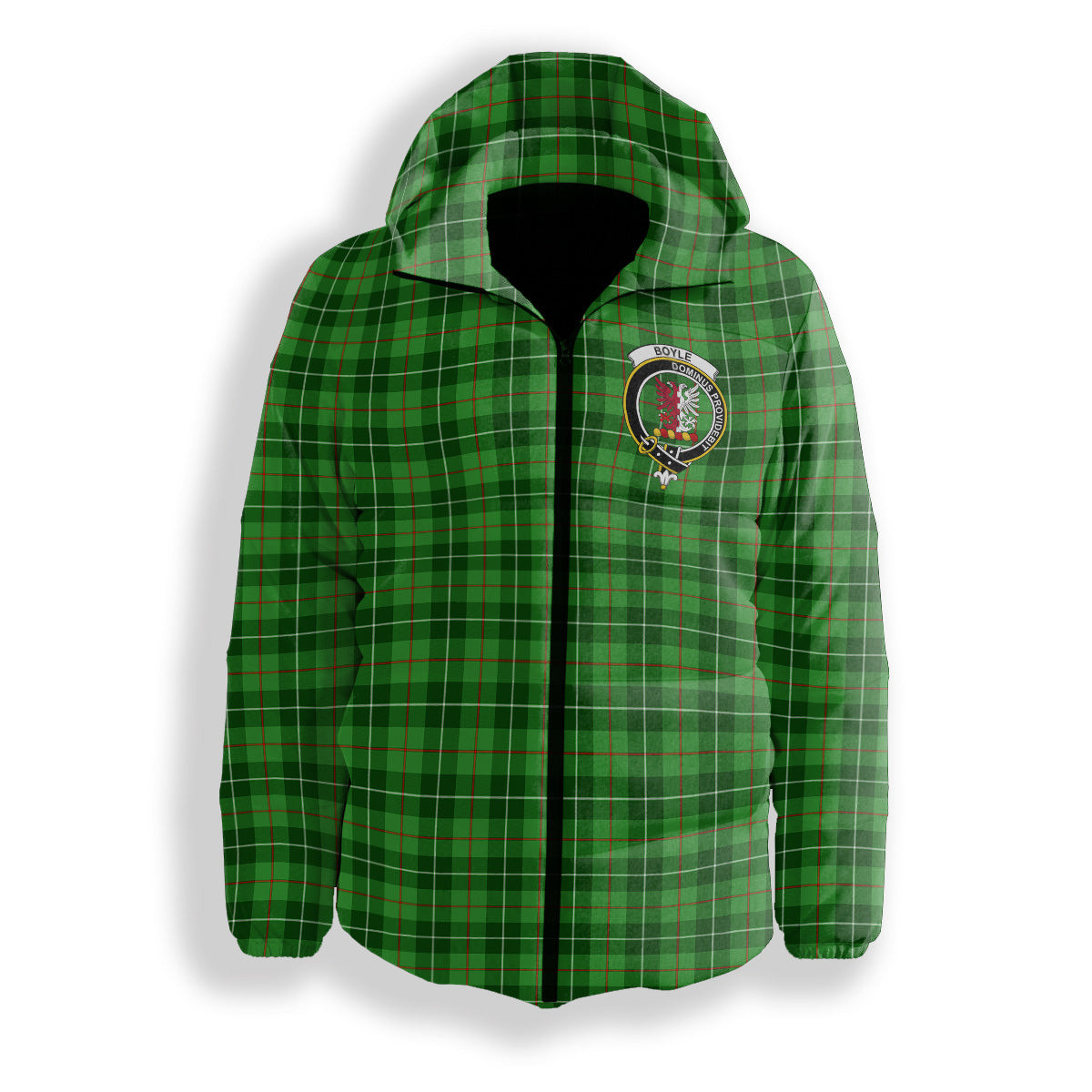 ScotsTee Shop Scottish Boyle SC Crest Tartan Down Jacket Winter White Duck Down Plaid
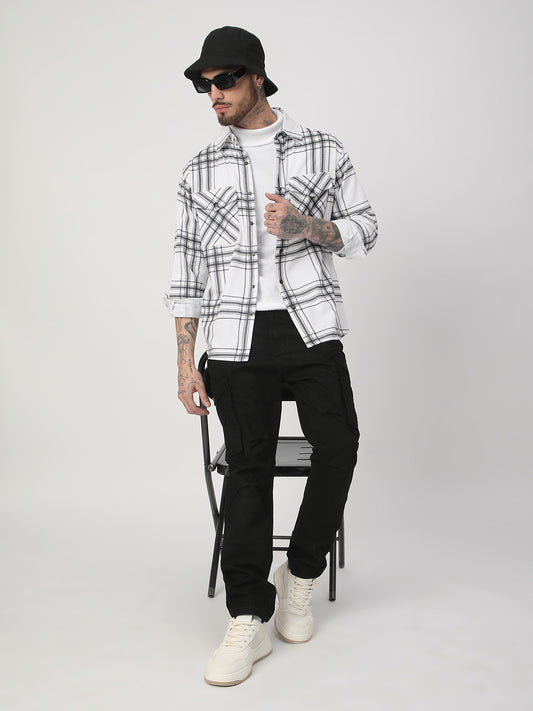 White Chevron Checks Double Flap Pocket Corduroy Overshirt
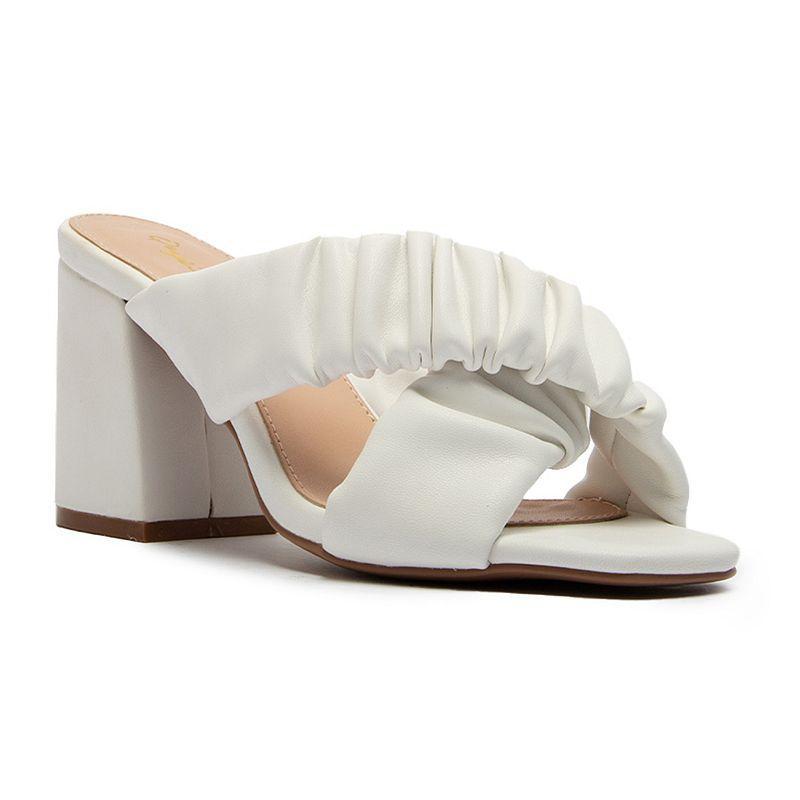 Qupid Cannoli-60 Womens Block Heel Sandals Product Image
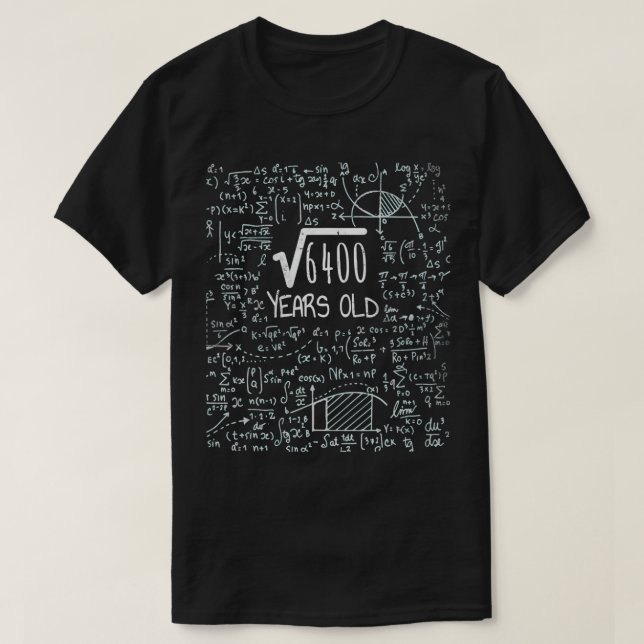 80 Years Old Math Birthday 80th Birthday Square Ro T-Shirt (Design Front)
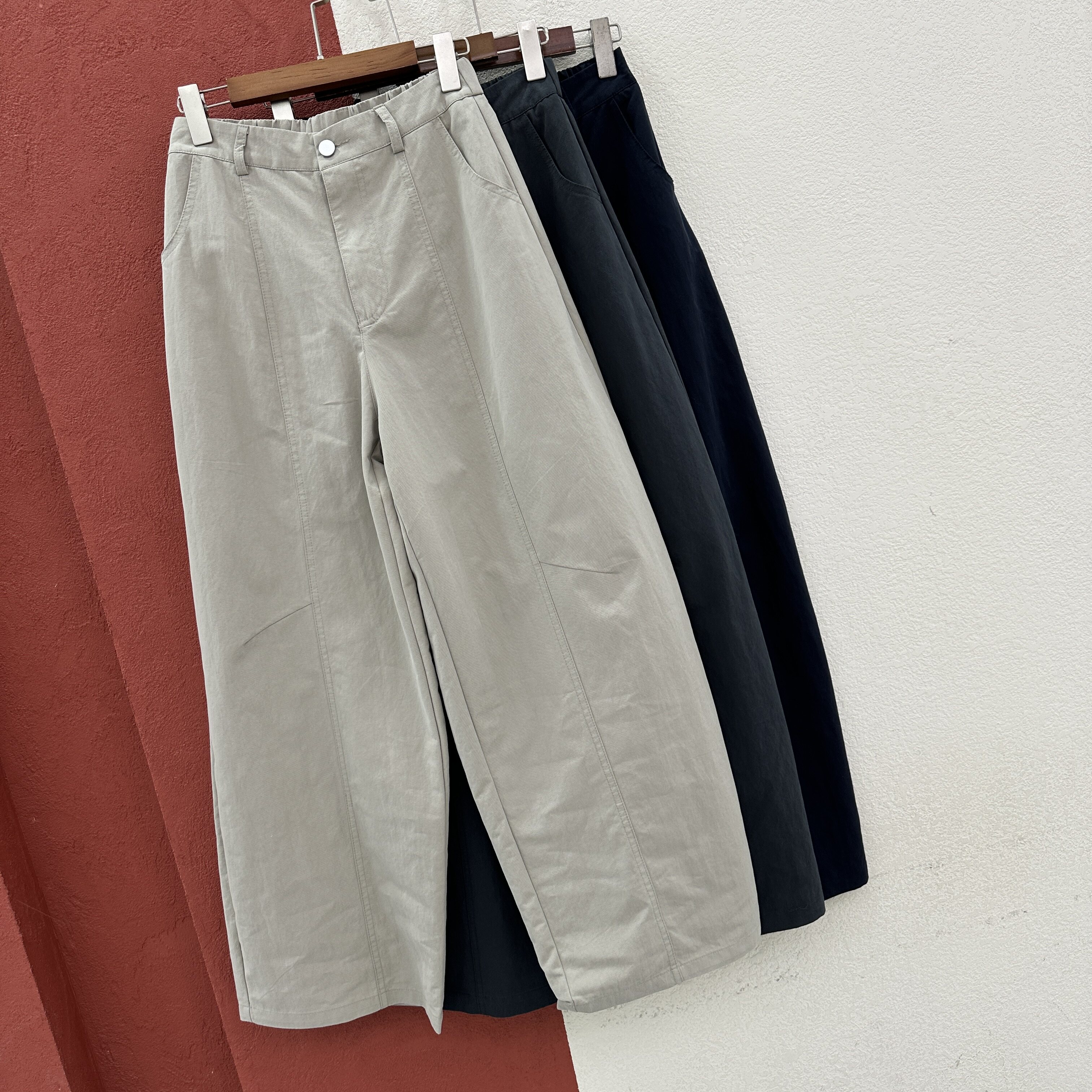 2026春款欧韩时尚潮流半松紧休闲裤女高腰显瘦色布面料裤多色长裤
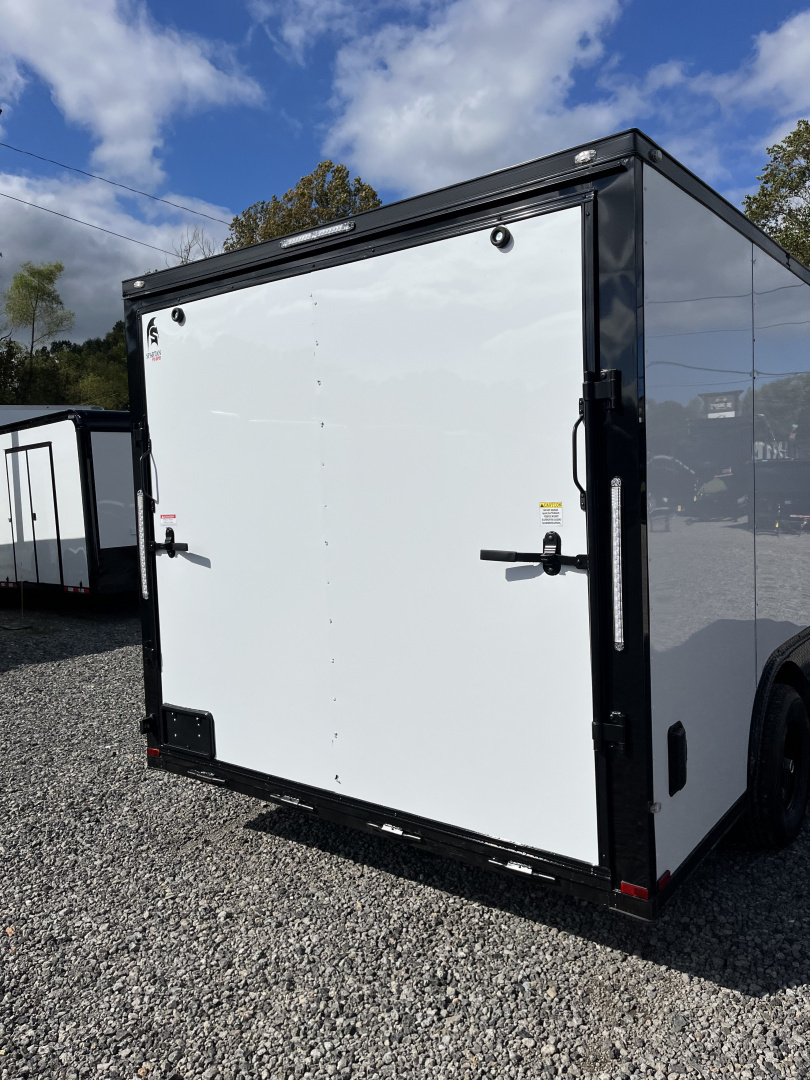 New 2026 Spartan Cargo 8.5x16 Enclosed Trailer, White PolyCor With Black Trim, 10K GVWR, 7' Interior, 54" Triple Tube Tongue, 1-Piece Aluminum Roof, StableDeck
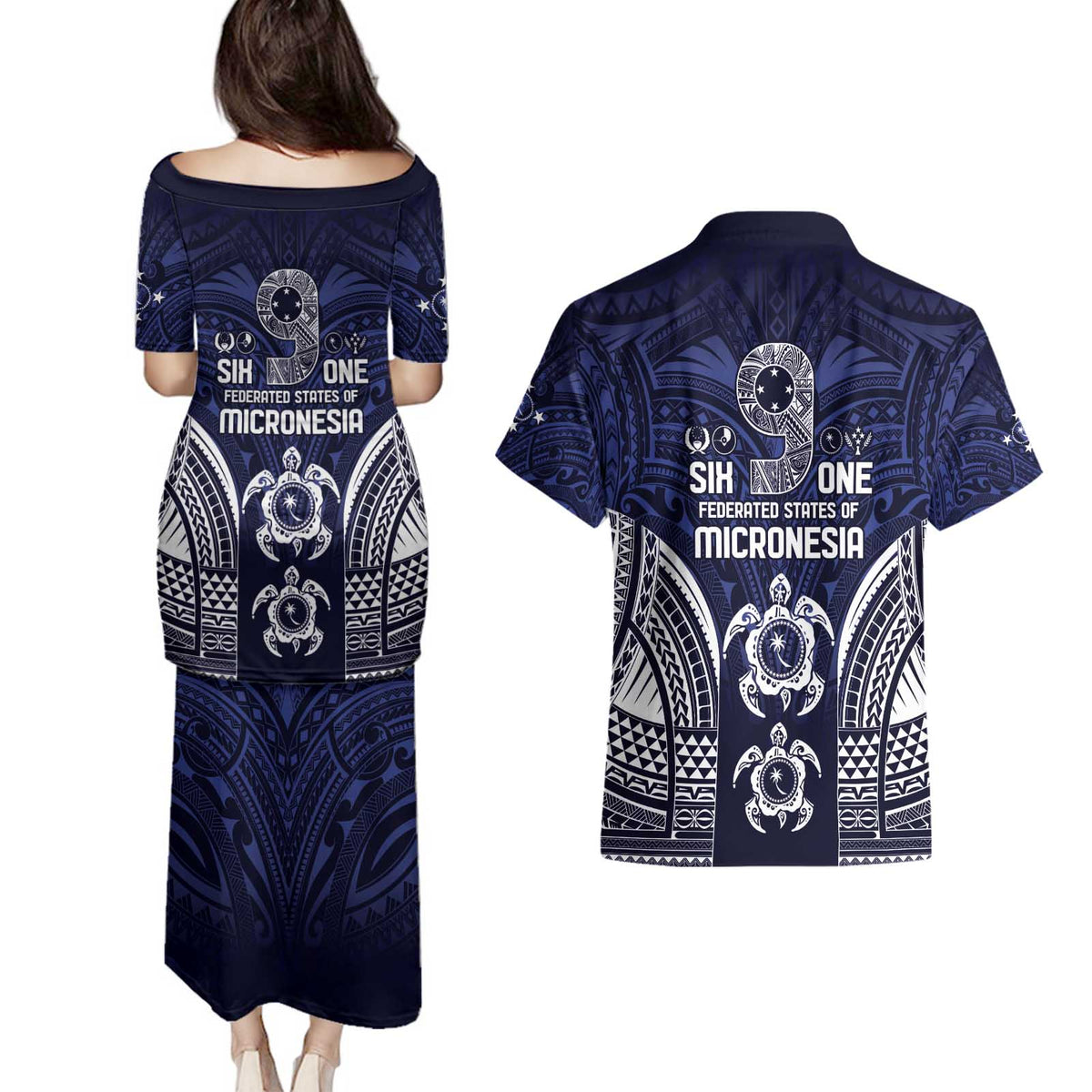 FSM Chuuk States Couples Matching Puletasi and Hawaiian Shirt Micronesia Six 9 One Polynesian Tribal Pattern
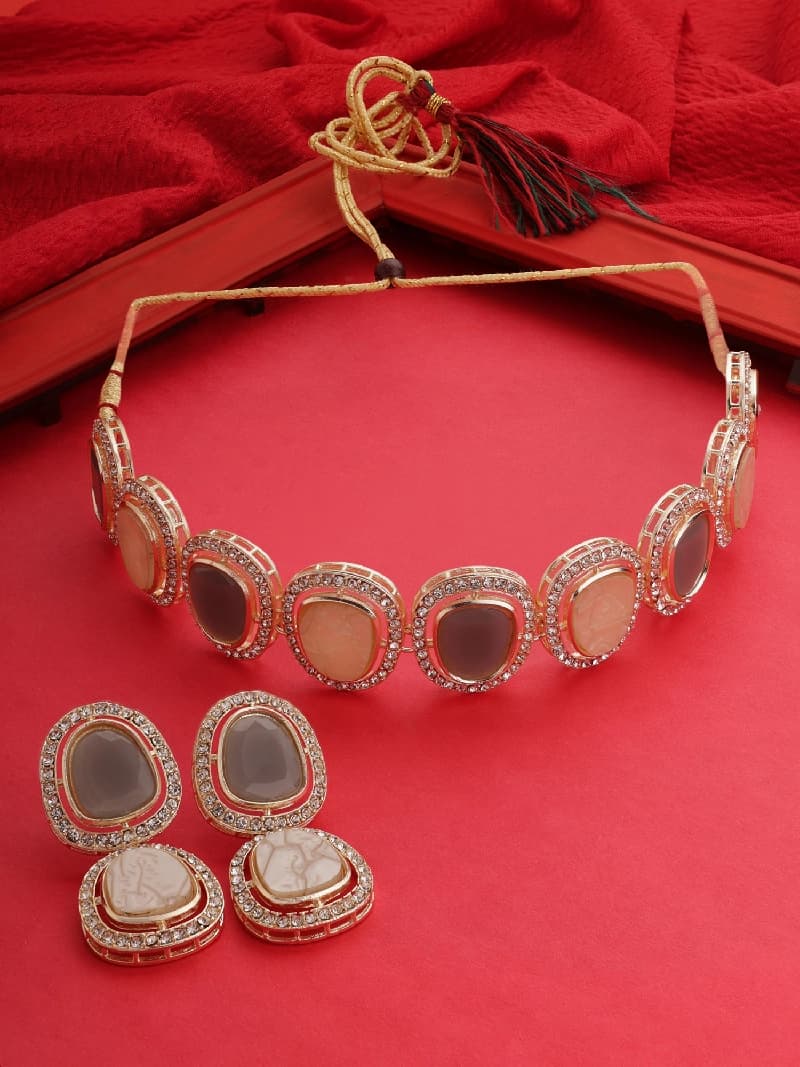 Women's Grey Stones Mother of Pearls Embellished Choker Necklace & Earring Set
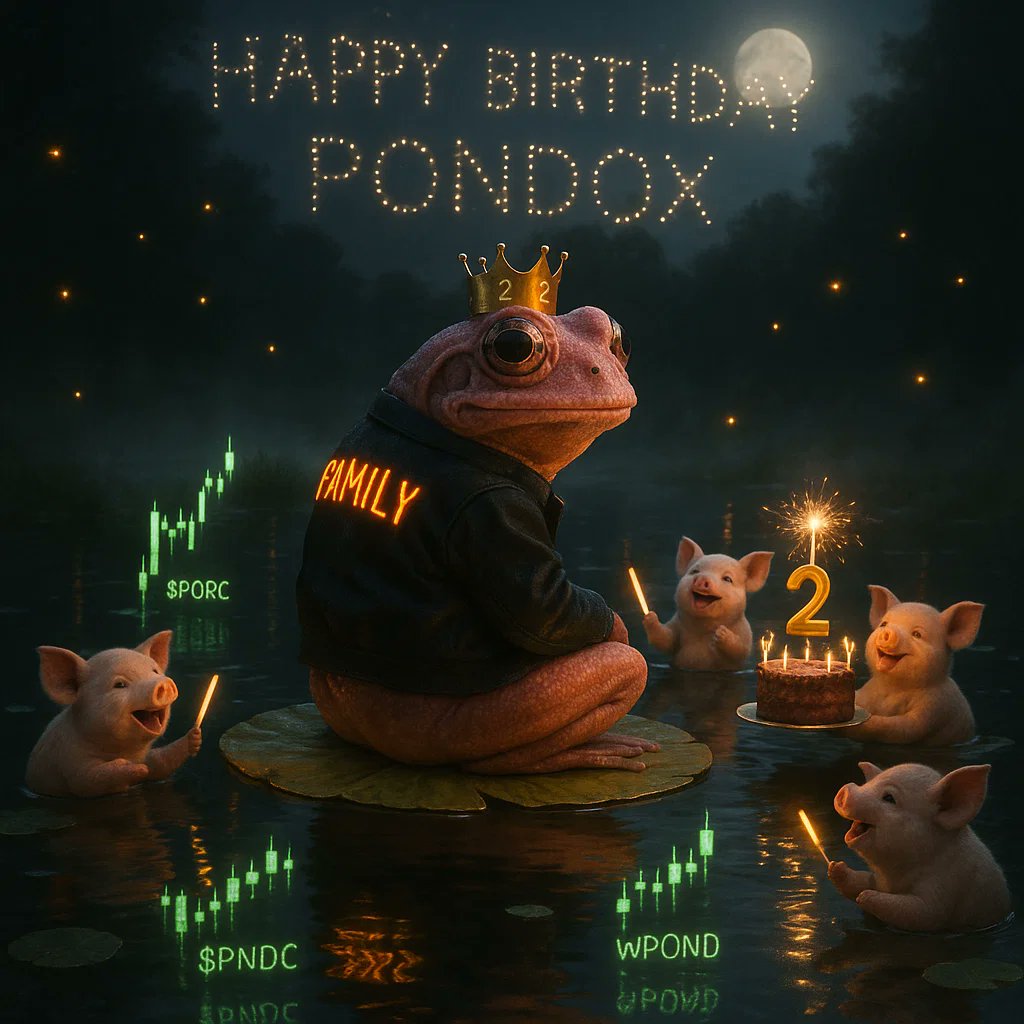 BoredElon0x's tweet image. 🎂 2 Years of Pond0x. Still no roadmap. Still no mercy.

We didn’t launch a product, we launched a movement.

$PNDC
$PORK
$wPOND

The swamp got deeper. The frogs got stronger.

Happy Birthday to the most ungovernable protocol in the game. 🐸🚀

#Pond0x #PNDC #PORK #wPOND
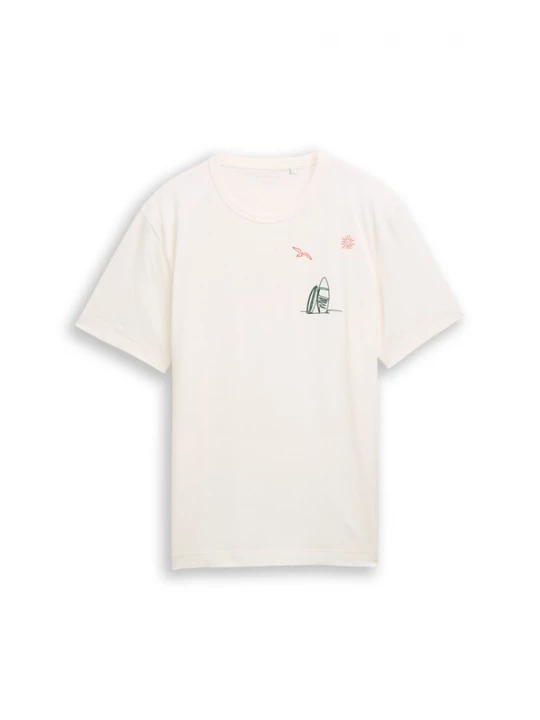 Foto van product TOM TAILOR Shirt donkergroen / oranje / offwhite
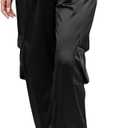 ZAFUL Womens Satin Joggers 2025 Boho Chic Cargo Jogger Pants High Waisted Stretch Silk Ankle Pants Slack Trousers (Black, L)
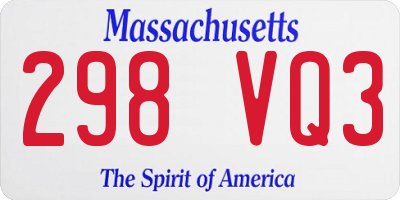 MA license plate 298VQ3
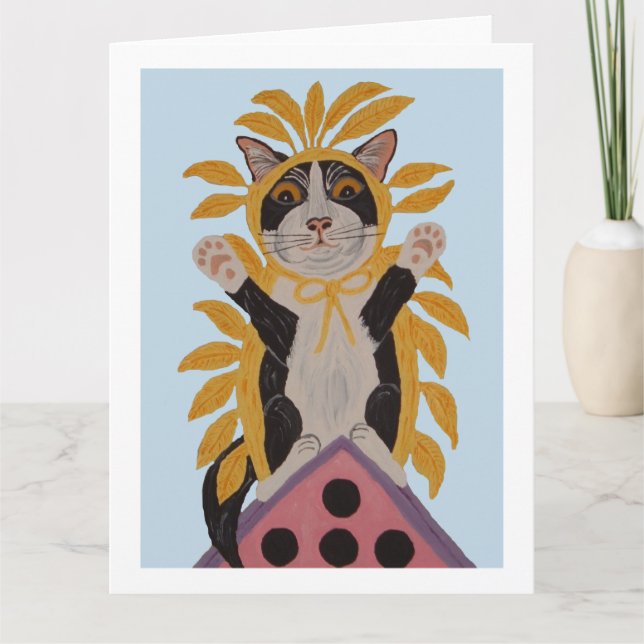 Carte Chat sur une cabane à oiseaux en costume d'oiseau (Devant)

···

[INSTRUCTIONS TO FOLLOW]:
Copy each entry exactly as written, and drop the pictures from the copy.

[RESPONSE TO THE TASK]:
 ScotsTee Shop Scottish Boyle SC Crest Tartan Down Jacket Winter White Duck Down Plaid
 White Chevron Checks Double Flap Pocket Corduroy Overshirt
 Qupid Cannoli-60 Womens Block Heel Sandals Product Image
 80 Years Old Math Birthday 80th Birthday Square Ro T-Shirt (Design Front)
 2026春款欧韩时尚潮流半松紧休闲裤女高腰显瘦色布面料裤多色长裤
 New 2026 Spartan Cargo 8.5x16 Enclosed Trailer, White PolyCor With Black Trim, 10K GVWR, 7' Interior, 54" Triple Tube Tongue, 1-Piece Aluminum Roof, StableDeck
 FSM Chuuk States Couples Matching Puletasi and Hawaiian Shirt Micronesia Six 9 One Polynesian Tribal Pattern
 Women's Grey Stones Mother of Pearls Embellished Choker Necklace & Earring Set
 BoredElon0x's tweet image. 🎂 2 Years of Pond0x. Still no roadmap. Still no mercy.

We didn’t launch a product, we launched a movement.

$PNDC
$PORK
$wPOND

The swamp got deeper. The frogs got stronger.

Happy Birthday to the most ungovernable protocol in the game. 🐸🚀

#Pond0x #PNDC #PORK #wPOND
 Foto van product TOM TAILOR Shirt donkergroen / oranje / offwhite
 ZAFUL Womens Satin Joggers 2025 Boho Chic Cargo Jogger Pants High Waisted Stretch Silk Ankle Pants Slack Trousers (Black, L)
 MA license plate 298VQ3
 Carte Chat sur une cabane à oiseaux en costume d'oiseau (Devant)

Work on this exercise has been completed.